Banking without liabilities
As bearer instruments, public crypto tokens Bitcoin and Ethereum have given rise to an asset-only financial structure. Value is represented only by ownership of the tokens. The tokens are not anyone's liability; they are based on a conception of value that arises from their scarcity-by-design, what I have previously called "crypto monetarism." Payment is completed by transfer of ownership:
In such a situation, the only way to be sure of being able to complete payments—that is, the only way to remain liquid—is to hold large stores of tokens, which leaves them vulnerable to loss and theft, as Poly Network learned the hard way.
Liability tokens
Two-sided instruments are preferred in commercial transactions over such an asset-only structure.

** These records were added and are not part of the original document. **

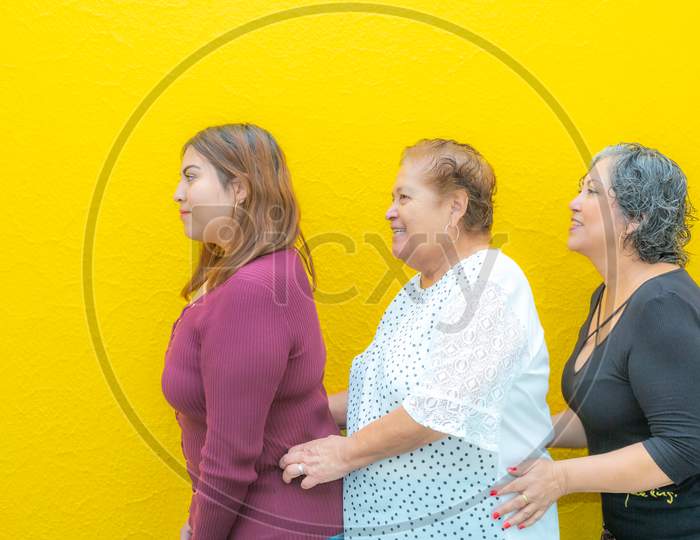 Side View Profiles Of Granddaughter, Grandmother And Daughter Taken From The Waist, Three Generations Of Mexican Women Smiling With Casual Clothes In A Row On A Yellow Background.
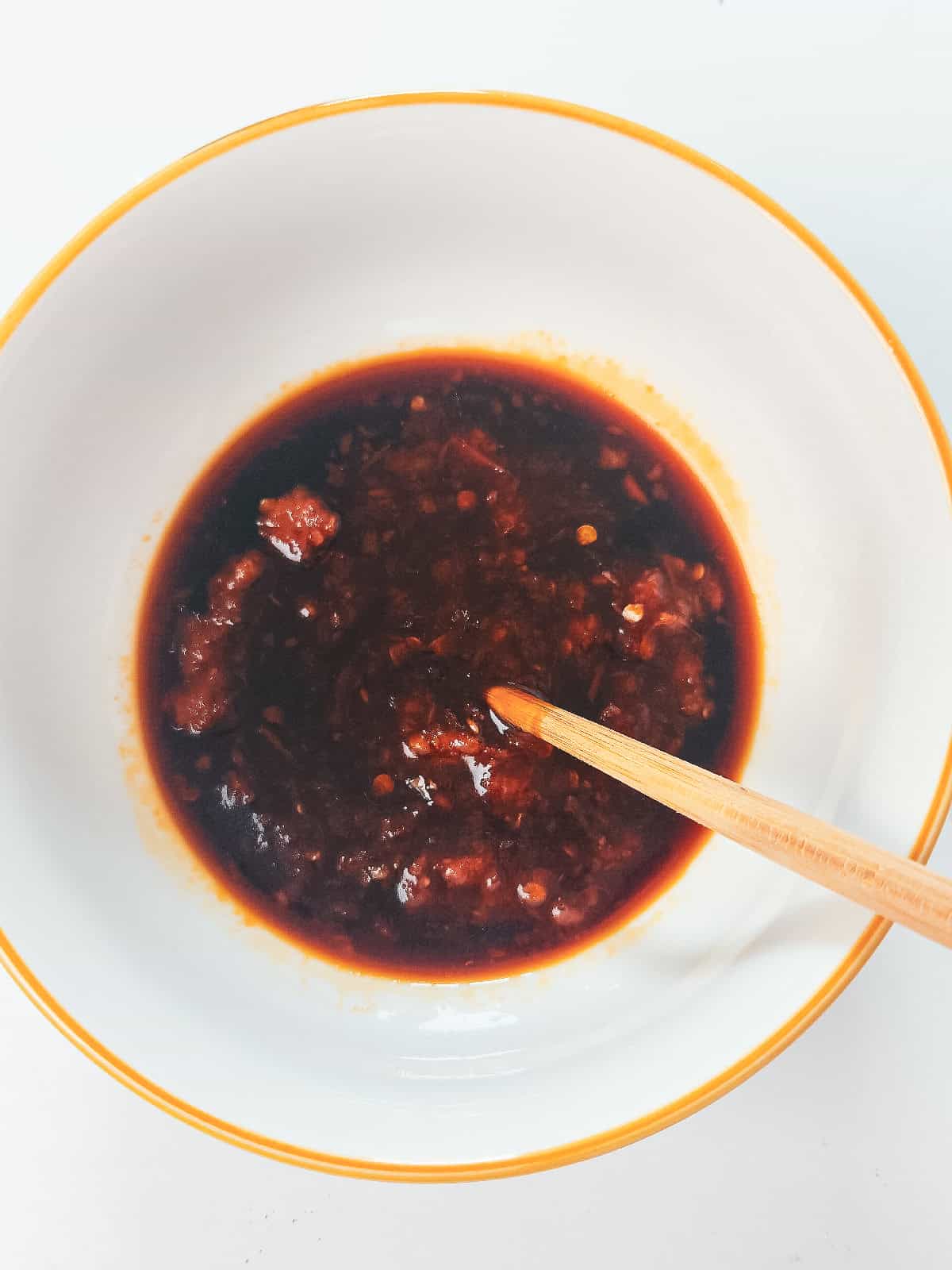 Sambal and soy sauce stirred together to make a flavorful sauce for vegan nasi goreng.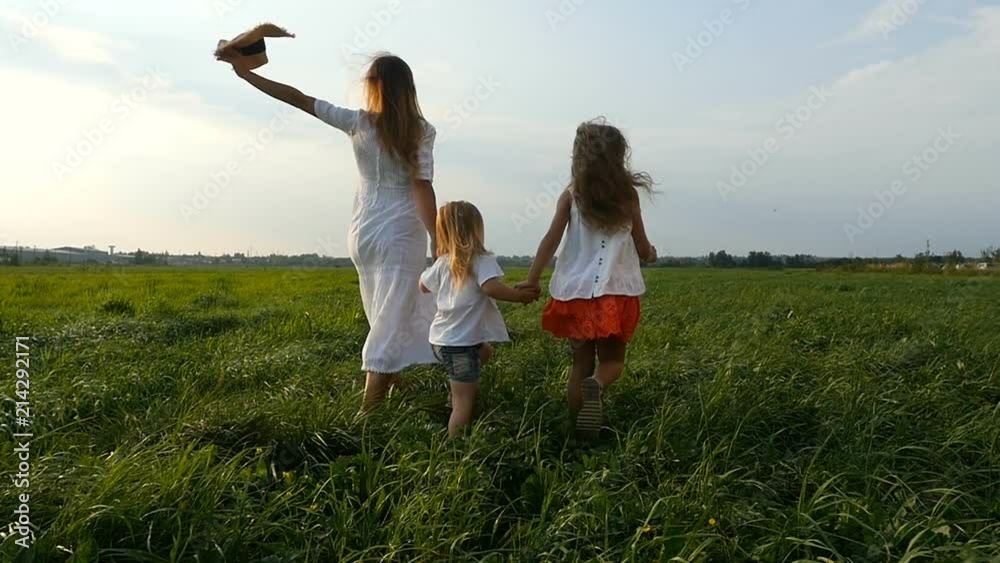 Cute family running on green grassy field. Young mother walks and runs with her little girls, children, on green grass. Slow motion Cute family running on green grassy field. Young mother walks and runs with her little girls, children, on green grass. Slow motion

If the assets of one actor are the liabilities of another, and the two sides can agree on terms, it is easy to expand and contract the supply of liquid assets quickly without holding large stores of tokens. This is how payment systems work. For example, if a user of e-money (e.g. a Visa prepaid card) wants to pay a commercial bank depositor, they can do so using liabilities of the central bank (the end-users' T accounts are not shown):
The receiving intermediary (the commercial bank, in this example) creates the deposit liability for its customer only once it has also received the corresponding asset (central bank reserves).
McLaughlin proposes a tokenized system, the Regulated Liability Network, to achieve this financial structure using tokens on a distributed ledger. Each transaction uses two tokens: a customer token, which requests the payment, and a settlement token, which confirms that the payment is funded. Such tokens are not bearer instruments. They behave more like checks than like banknotes, but each transaction requires two checks, one for the liability side and one for the asset side.
Why tokenize?
Token transfer, in such a system, would occur on a permissioned distributed ledger. Because the tokens are not bearer instruments, this would make no change to the legal structure of the financial relationships themselves: a deposit would still be a deposit, reserves would still be reserves. This is a big benefit from the point of view of existing institutions.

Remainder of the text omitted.